I remember a time when this became a really important question to me.  A friend of mine was telling me that she no longer went to Mass and had switched to an E-free church.  She had several reasons for this, but seemingly her biggest part of this was the fact that she wanted to continue to grow in her relationship with Jesus and she had "gotten all she could out of the Mass."  She still thought it was good, but she needed something more.  I was speechless.  I knew that she had been having a lot of questions, but all I could think was how monumentally I had failed her if she thought there was ever a point that you can plateau on "what you can get out of Mass."  

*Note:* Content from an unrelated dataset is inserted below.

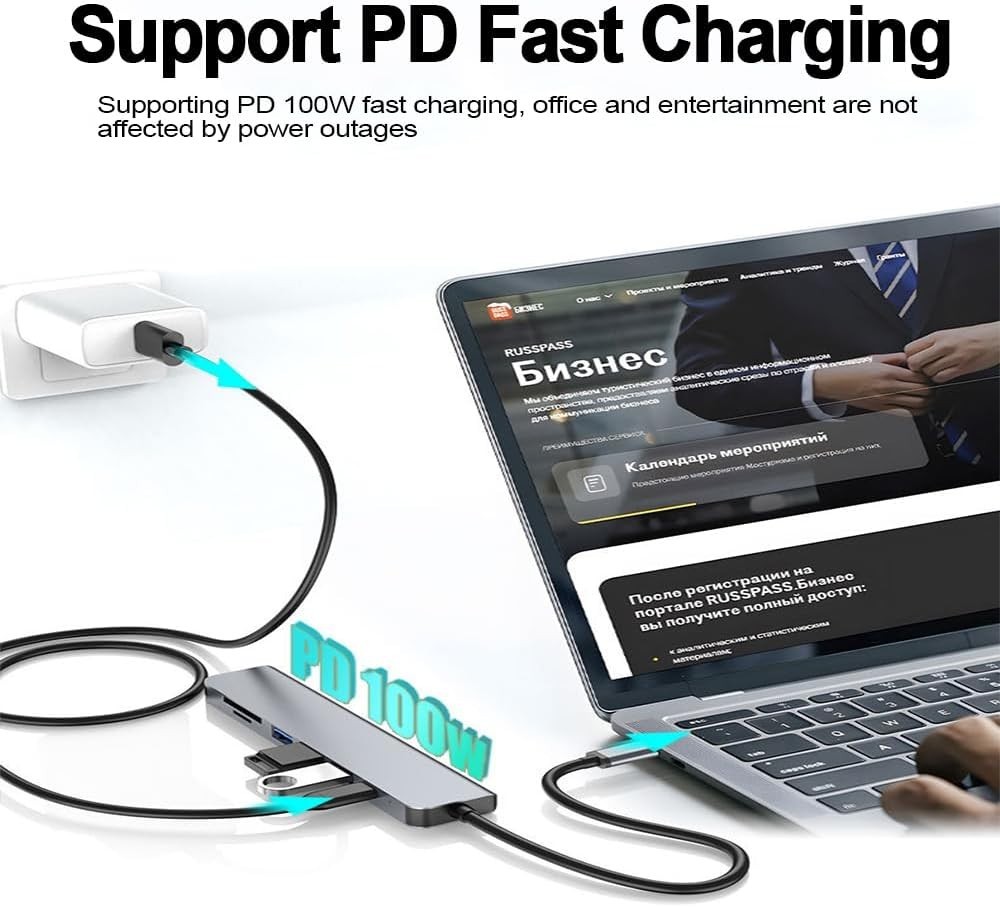 7-in-1 USB-C Hub Multiport Adapter for MacBook Pro/Air iPad Laptop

Her background is that she went to Catholic school for 12 years, but didn't start to really grow in her relationship with Christ until later in high school and into college.  She has an enormous hunger for God, and when she was in college, she had professors and fellow students challenging her Catholic faith right and left.  She tried to find some of the answers, but by her senior year had left the Catholic Church.  She didn't have animosity towards the Church, she just wanted a place to grow deeper in her faith and didn't feel the Mass was that place.

Oh, sweet girl.  Don't give up so fast.  I praise God for your deep hunger for Him. He will bless that desire to grow in Him wherever you go to church, but don't give up on the Mass so fast!

For me, I owe a large part of my love for the Mass to my Protestant friends and family.  I know, right?  It's a little confusing.  Here's the thing.  I think that in order to have any understanding and love of the Mass, you have to have a personal relationship with Jesus.  Further, the Mass means little to nothing without knowing your Bible.  The Protestant friends and family in my life have been an enormous influence in deepening my relationship with Christ and whetting my appetite for the Bible.  Further, I owe a huge debt of gratitude for former Protestants who have become Catholic and have shared their testimonies of what the Mass means to them.

Here's my advice, for what it's worth.  

Grow your relationship with Jesus.  It's easy, all you have to do is ask.  Maybe you've been going to Mass for decades, but feel that you know about God, but you don't know Him.  Maybe you feel that you have a relationship with Him, but it's stuck in a rut and doesn't seem to grow.  Just ask Him to help you.

"Jesus, I don't know You, but I want to. Please help me."
"Jesus, help me to know You more."

He never ignores those prayers.  By the way, here's a prayer I remember praying when being confused by the Mass:

"I don't get it."  (He understood the implication that I wanted to know more.)

My point is that you don't have to be eloquent, just honest.  All the studying in the world won't get you the answers you crave if you don't have a relationship with Christ.

Then crack open that Bible that's been sitting on your shelf since you got it for Confirmation and start reading it.  If you're not familiar or comfortable with it, I suggest starting with the Gospels, and remember that footnotes are your friends.  You won't understand it all the first time, but that's okay.  You won't understand it all the 2nd or the 40th time, either.  You will understand more each time you read it, and if you've just asked God to help you know Him better, be prepared to learn some great things and grow closer to God.

I would love to tell you more about what the Mass means to me, and what I have learned about the Mass, but that would take post after post after post....oh, wait.  That probably won't be an issue for me! :)  So I think that there will be regular posts about the Mass for a while, maybe a long while.  Not every post, but definitely a recurring theme.